La cinémathèque propose également la projection de « Un roi à New-York » les 19 janvier et 12 février. Ruiné par son premier ministre, chassé de son pays à cause d’une révolution, le roi Shahdov s’exile à New York où il découvre la toute-puissance des médias et la chasse aux activités anti-américaines. Avec Un roi à New York Chaplin réglait définitivement ses comptes avec son pays d’adoption. Si Les Feux de la rampe apaisait les tensions tout en sonnant le glas du vagabond, cet avant dernier film mettait définitivement le feu aux poudres. La colère filtrée par l’humour pour une satire cinglante de l’Amérique, son puritanisme, son hystérie anti-communiste et ses chasses aux sorcières
« Chaplin, c’est avant tout une idole. La première idole du cinéma. Et peut-être même la seule de cette envergure. C’est d’abord Charlot, vagabond poète comme les clochards sont célestes, gentleman mal élevé, maladroit et débrouillard, aristocratique anarchiste, le cœur sur la main et le coup de pied au cul. Un personnage universellement populaire (le cinéma muet est un langage international) dans lequel tous les déclassés du monde ont pu se reconnaître et se retrouver. Charlot redonne la vue à ceux que la société ne veut pas voir »raconte Franck Lubet. Il conclut « Charlot est le grain de sable dans la machinerie d’une société « conformisante « . À la fois mordant et tendre, pouvant faire pleurer comme il sait faire rire, Chaplin amène le social au burlesque ».

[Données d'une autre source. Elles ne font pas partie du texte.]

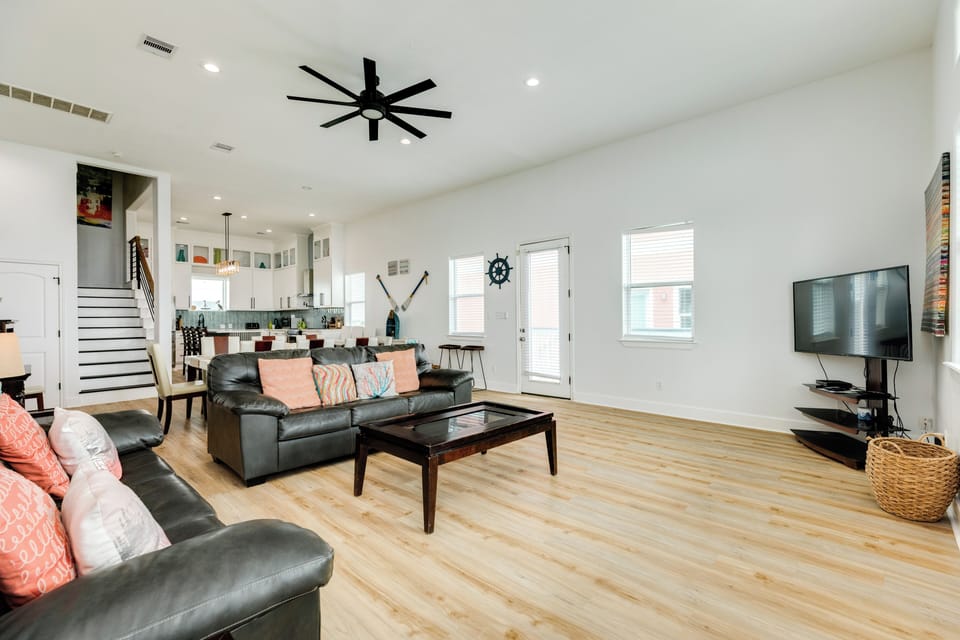 Bright and airy living room with wall of windows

A noter que le samedi 11 et dimanche 12 juin 2022, la Cinémathèque de Toulouse et la Ville de Tournefeuille proposeront en ciné-concert Le Cirque de Charlie Chaplin à L’Escale (Tournefeuille). Le film sera accompagné par l’Orchestre symphonique de l’École d’Enseignements Artistiques de Tournefeuille, dirigé par Claude Puysségur.